§ **TASK BRIEF**: Within the listing, each line that has the string "Cherokee" should be copied.

§

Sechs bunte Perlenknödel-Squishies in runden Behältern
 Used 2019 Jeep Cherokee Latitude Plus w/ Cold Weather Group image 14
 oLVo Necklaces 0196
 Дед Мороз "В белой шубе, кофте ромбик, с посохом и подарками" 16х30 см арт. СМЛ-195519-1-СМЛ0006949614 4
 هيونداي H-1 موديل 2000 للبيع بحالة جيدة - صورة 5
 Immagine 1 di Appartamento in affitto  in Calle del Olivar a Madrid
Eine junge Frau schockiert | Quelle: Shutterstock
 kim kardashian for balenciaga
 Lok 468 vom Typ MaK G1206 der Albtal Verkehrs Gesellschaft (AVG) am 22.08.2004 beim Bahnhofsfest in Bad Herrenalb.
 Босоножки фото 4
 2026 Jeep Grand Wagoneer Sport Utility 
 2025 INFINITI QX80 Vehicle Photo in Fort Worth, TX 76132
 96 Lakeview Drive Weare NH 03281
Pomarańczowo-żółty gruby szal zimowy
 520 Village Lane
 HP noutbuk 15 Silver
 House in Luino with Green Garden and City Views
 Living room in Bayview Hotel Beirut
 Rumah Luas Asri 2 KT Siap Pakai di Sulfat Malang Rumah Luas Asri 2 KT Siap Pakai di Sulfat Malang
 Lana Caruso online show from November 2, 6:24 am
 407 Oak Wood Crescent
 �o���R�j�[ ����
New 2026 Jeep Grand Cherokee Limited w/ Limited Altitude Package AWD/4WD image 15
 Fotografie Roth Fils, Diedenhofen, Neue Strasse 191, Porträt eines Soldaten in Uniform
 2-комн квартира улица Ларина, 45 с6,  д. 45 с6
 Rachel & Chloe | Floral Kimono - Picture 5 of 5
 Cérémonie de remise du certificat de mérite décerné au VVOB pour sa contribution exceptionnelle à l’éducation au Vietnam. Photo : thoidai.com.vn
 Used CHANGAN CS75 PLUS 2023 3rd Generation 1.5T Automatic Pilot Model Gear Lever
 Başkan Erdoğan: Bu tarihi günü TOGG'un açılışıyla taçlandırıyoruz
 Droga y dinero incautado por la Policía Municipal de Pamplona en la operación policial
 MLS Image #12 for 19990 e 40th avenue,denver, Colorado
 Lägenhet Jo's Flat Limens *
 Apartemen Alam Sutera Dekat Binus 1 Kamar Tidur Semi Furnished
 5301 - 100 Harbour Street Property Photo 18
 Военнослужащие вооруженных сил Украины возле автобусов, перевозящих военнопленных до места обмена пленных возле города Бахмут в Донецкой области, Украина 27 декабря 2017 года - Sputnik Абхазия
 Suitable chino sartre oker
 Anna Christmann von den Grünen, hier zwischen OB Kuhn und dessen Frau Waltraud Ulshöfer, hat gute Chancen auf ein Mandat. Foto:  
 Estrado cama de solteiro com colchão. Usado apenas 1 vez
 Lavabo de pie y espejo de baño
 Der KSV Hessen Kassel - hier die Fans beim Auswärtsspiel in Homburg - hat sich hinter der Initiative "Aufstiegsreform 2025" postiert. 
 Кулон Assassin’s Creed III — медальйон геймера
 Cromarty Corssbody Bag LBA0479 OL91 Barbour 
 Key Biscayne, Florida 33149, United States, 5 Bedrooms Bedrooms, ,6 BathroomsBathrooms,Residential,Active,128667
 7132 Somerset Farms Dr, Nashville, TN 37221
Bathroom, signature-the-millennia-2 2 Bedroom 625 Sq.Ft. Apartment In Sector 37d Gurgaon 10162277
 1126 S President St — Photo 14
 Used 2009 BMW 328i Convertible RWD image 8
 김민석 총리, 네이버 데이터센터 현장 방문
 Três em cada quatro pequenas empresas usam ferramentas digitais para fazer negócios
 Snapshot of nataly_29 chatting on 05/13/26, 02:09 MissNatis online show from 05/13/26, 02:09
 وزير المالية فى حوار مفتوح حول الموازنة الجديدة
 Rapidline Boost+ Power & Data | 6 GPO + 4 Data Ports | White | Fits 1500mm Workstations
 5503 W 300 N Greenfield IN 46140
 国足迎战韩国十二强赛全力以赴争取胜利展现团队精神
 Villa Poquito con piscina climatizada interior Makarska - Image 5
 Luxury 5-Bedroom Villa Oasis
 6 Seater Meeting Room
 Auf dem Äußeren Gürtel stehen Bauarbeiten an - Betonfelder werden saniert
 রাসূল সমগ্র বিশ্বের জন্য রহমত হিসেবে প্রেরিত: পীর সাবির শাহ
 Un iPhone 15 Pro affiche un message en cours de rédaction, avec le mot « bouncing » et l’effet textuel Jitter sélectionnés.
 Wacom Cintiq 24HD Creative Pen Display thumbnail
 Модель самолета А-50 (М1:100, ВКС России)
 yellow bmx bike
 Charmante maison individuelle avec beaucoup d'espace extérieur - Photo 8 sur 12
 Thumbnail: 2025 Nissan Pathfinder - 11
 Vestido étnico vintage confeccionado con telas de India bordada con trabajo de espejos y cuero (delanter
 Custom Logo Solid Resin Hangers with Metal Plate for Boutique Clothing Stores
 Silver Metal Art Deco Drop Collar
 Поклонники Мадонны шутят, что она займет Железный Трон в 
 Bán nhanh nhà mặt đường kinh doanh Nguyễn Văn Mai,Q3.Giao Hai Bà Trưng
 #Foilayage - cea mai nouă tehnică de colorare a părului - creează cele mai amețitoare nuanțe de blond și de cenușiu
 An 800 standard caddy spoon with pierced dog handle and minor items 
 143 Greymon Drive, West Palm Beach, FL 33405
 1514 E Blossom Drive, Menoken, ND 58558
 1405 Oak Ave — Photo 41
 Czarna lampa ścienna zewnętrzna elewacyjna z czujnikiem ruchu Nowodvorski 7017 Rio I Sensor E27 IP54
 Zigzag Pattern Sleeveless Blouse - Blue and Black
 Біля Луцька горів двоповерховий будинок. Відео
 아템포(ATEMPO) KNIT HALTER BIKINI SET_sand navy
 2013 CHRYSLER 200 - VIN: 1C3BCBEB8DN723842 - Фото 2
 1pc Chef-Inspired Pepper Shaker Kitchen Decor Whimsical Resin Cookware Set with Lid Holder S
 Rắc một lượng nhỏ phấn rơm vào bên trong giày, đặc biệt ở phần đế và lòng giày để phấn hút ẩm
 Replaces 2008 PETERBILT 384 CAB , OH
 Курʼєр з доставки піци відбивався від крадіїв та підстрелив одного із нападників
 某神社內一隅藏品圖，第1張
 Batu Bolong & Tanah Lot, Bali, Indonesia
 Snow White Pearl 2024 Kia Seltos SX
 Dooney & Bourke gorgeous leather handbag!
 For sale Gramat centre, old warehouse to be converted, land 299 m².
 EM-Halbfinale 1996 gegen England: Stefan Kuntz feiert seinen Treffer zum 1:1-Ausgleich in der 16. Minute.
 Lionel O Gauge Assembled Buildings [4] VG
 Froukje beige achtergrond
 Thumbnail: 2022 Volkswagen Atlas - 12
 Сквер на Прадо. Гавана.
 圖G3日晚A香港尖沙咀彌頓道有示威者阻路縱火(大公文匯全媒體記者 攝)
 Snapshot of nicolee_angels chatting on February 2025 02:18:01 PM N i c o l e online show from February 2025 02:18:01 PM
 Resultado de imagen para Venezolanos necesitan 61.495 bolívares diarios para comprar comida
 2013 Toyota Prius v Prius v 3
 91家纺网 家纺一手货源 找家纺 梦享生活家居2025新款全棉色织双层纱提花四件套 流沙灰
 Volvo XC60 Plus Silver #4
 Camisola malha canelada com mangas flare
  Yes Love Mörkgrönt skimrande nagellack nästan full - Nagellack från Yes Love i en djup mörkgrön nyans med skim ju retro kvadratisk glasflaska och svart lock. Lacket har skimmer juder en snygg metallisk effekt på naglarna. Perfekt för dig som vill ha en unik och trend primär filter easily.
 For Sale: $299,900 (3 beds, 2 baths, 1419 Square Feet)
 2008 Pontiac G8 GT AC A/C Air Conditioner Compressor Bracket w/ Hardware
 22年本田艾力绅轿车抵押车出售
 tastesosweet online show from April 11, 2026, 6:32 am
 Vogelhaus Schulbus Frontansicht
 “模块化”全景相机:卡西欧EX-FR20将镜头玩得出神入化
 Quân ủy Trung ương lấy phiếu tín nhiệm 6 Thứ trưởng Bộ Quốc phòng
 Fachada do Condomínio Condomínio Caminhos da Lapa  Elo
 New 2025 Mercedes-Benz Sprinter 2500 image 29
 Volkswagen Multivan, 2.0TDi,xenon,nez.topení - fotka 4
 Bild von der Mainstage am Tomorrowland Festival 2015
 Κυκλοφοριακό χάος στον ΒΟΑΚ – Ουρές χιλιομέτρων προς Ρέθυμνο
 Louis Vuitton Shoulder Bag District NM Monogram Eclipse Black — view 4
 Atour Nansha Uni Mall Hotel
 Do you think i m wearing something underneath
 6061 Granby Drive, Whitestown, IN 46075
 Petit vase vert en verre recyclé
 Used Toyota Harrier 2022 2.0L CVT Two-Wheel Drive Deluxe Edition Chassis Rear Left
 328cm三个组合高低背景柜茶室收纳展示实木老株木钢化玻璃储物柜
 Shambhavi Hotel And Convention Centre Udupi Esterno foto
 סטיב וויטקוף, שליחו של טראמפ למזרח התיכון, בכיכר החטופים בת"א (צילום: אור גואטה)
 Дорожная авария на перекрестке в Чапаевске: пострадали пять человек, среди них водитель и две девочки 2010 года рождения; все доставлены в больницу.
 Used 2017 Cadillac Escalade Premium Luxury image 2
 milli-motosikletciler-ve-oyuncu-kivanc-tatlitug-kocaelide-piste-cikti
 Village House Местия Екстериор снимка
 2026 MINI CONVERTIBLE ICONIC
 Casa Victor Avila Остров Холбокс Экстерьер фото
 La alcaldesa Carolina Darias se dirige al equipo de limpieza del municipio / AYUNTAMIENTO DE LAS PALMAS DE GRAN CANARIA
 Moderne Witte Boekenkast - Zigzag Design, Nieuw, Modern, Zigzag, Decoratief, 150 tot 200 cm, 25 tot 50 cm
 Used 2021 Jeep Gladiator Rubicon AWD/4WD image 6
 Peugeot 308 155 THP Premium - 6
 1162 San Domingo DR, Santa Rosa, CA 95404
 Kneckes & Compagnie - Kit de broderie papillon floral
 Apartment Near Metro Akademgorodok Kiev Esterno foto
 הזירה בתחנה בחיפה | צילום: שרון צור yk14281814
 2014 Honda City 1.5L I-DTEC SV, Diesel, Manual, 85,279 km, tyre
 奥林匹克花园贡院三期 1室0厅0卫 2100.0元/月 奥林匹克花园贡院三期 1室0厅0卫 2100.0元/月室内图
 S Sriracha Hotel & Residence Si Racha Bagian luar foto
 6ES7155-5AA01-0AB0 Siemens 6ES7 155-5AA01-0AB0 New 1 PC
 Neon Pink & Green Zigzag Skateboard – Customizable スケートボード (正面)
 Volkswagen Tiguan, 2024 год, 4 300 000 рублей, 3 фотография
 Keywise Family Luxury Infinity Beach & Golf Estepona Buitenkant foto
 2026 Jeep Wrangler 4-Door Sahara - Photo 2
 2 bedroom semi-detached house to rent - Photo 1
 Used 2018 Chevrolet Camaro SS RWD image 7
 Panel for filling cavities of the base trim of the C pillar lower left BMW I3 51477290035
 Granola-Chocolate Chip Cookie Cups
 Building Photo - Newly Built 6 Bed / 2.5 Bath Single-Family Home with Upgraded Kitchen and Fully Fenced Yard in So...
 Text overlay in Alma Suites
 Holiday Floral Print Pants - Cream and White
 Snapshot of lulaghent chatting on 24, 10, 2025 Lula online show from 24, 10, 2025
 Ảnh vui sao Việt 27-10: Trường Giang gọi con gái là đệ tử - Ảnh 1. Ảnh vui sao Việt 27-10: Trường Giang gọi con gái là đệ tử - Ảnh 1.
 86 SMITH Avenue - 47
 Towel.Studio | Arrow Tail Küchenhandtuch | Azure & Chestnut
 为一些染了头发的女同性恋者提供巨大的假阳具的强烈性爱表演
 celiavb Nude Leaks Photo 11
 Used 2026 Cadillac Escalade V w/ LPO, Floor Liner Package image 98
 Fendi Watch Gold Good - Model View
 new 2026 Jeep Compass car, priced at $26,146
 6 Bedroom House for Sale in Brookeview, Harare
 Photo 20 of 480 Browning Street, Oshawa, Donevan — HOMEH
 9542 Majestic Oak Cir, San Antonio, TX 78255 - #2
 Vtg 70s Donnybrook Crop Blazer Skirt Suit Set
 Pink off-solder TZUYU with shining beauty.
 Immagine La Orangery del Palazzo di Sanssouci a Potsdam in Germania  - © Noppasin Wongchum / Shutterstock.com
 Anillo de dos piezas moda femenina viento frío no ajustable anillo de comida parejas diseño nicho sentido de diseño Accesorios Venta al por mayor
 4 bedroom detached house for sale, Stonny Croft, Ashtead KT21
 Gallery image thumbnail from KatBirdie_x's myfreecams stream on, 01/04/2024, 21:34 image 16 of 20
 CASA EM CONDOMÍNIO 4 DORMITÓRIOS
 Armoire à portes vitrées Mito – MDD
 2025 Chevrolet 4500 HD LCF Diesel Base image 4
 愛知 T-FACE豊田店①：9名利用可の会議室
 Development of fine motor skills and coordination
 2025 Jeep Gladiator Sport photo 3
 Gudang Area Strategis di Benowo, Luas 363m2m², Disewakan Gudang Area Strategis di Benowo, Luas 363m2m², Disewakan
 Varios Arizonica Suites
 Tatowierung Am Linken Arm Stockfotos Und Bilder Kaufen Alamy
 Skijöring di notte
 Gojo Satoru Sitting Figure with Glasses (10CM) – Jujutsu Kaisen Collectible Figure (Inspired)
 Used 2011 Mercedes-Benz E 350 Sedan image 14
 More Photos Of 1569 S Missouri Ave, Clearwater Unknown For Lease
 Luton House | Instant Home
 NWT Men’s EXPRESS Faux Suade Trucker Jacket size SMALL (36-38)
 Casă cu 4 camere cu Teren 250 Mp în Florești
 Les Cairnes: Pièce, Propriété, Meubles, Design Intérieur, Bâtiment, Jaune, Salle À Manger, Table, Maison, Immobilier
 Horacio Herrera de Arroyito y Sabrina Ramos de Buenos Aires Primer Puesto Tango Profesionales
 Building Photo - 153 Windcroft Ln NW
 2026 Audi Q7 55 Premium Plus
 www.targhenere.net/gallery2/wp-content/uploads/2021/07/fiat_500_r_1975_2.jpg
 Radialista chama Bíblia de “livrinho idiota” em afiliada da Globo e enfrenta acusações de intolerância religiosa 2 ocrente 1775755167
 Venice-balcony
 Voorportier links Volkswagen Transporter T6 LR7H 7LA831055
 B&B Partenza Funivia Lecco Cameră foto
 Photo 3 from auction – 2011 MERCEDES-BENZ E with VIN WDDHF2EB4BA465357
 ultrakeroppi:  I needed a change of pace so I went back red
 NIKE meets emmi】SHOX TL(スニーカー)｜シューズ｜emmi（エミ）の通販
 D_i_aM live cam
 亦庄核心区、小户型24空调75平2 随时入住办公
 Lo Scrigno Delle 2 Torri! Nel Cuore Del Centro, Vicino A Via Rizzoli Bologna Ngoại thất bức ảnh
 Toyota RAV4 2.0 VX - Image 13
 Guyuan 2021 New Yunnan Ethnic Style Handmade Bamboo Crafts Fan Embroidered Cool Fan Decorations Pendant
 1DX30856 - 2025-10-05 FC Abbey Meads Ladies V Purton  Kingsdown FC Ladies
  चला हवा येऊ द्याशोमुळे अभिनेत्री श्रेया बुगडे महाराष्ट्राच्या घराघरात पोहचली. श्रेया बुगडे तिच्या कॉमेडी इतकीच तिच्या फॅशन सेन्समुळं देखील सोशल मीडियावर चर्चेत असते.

§

§ **OUTPUT FOR THIS TASK**:
 Used 2019 Jeep Cherokee Latitude Plus w/ Cold Weather Group image 14
New 2026 Jeep Grand Cherokee Limited w/ Limited Altitude Package AWD/4WD image 15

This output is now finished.